Seems like it generates TS types, but doesn’t help with data access? i.e. not trying to compete with tools that generate full data access layers, like Prisma https://www.prisma.io/ ?
If so, out of curiosity, what’s the use case for generating just the types? How are you actually getting data to/from the DB?
I think the comment I made above in in regards to our db crud updates might help answer that!
But short answer is we just use node-postgres. If the get/update/delete/insert is a simple fields/table/where we use a helper function. If it's more complex we write custom SQL and use the following approach:
database.query<DB.User & DB.Pet>(`
SELECT *
FROM "pet"
LEFT JOIN user on pet.owner = user.id
`)
What are the tradeoffs of generating the unique ID uuid's from the database vs from the code?

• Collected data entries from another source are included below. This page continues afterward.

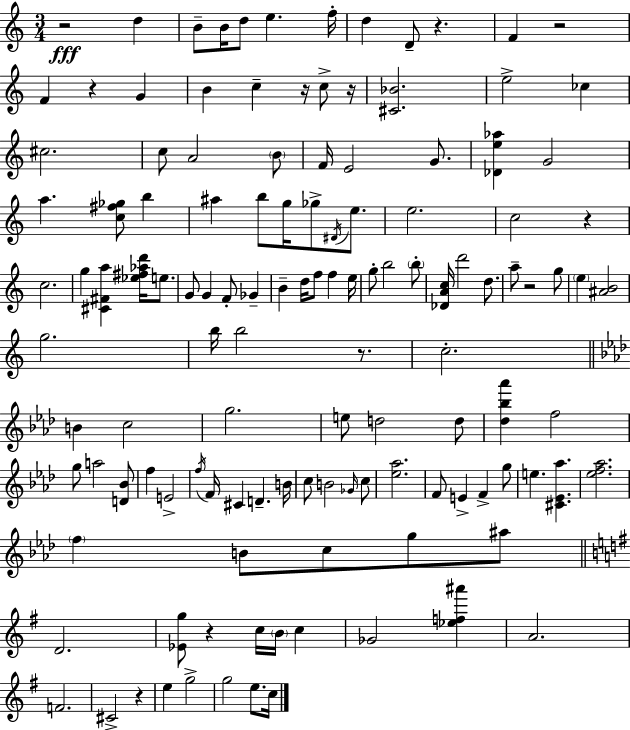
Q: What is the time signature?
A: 3/4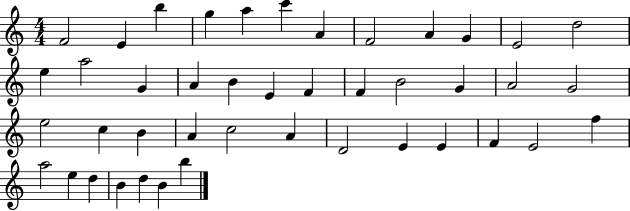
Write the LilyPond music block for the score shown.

{
  \clef treble
  \numericTimeSignature
  \time 4/4
  \key c \major
  f'2 e'4 b''4 | g''4 a''4 c'''4 a'4 | f'2 a'4 g'4 | e'2 d''2 | \break e''4 a''2 g'4 | a'4 b'4 e'4 f'4 | f'4 b'2 g'4 | a'2 g'2 | \break e''2 c''4 b'4 | a'4 c''2 a'4 | d'2 e'4 e'4 | f'4 e'2 f''4 | \break a''2 e''4 d''4 | b'4 d''4 b'4 b''4 | \bar "|."
}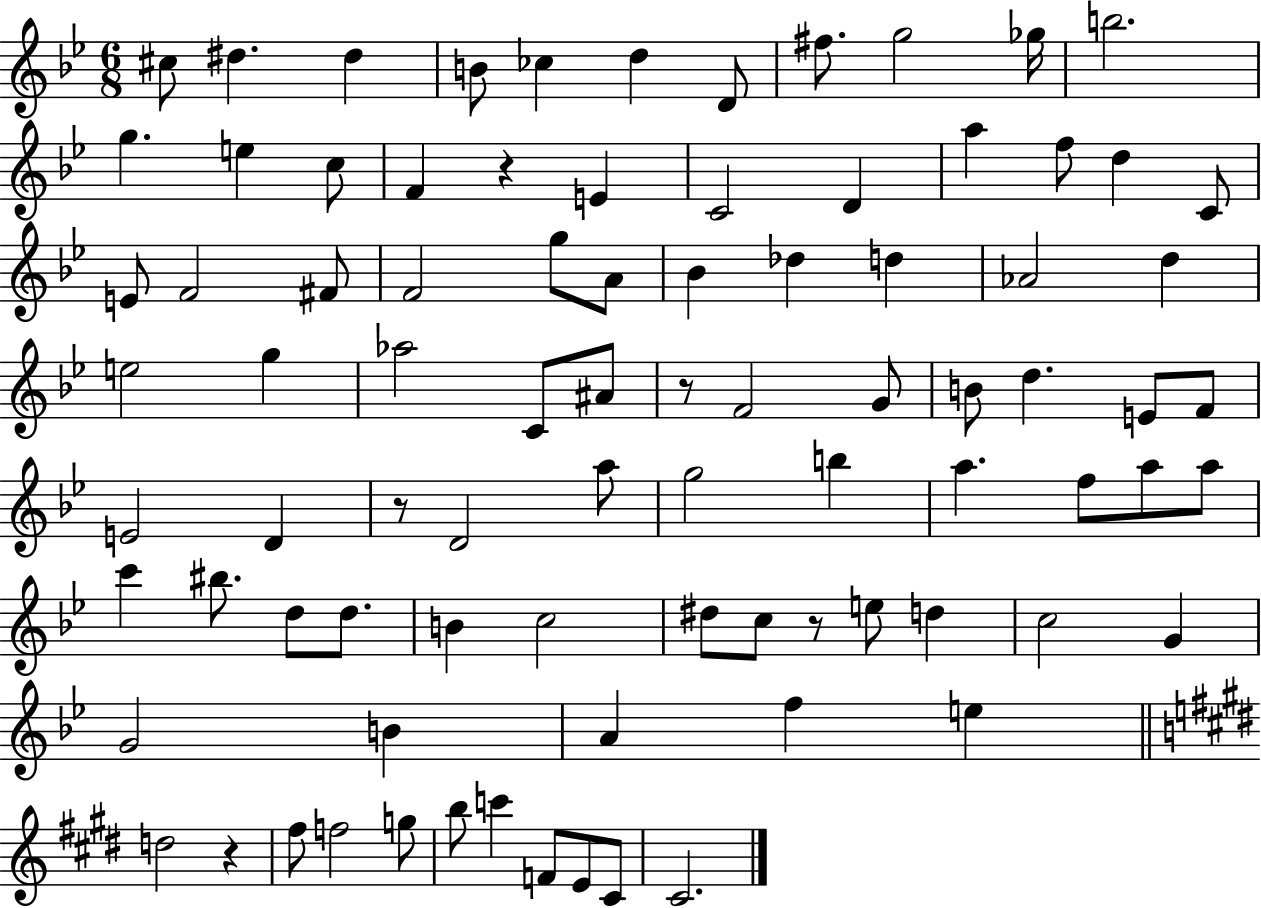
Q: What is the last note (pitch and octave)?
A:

Compared to ORM's, is one of the main differences that the db objects define the types and constraints and those propagate out to the code? And ORM's start with code and propagate out to the DB?
Honestly I don't know what the tradeoffs are . I usually rely on the db to create the id (regardless if its SERIAL / UUID). The only time I get create a UUID outside is if the client needs a UUID in its initial state. For example if tracking a users progress through a form it allows you to skip a useless creation roundtrip in order to perform the first update).
Yeah thats pretty much it! Less code in the functions -> less inconsistencies with the db. And for example removing an enum in the db would fail all your front end components using it, so it's really across the whole pipeline.
One alternative approach: one could write SQL queries to generate the interfaces for a set of tables (or views), and customize those to your codebase/needs.
I've been generating Java code from postgres (created by liquibase migrations) using Jooq, then that Java code is transformed into a OpenAPI spec using Springfox, which in turn is turned into any language of choice (such as typescript types). It's really good.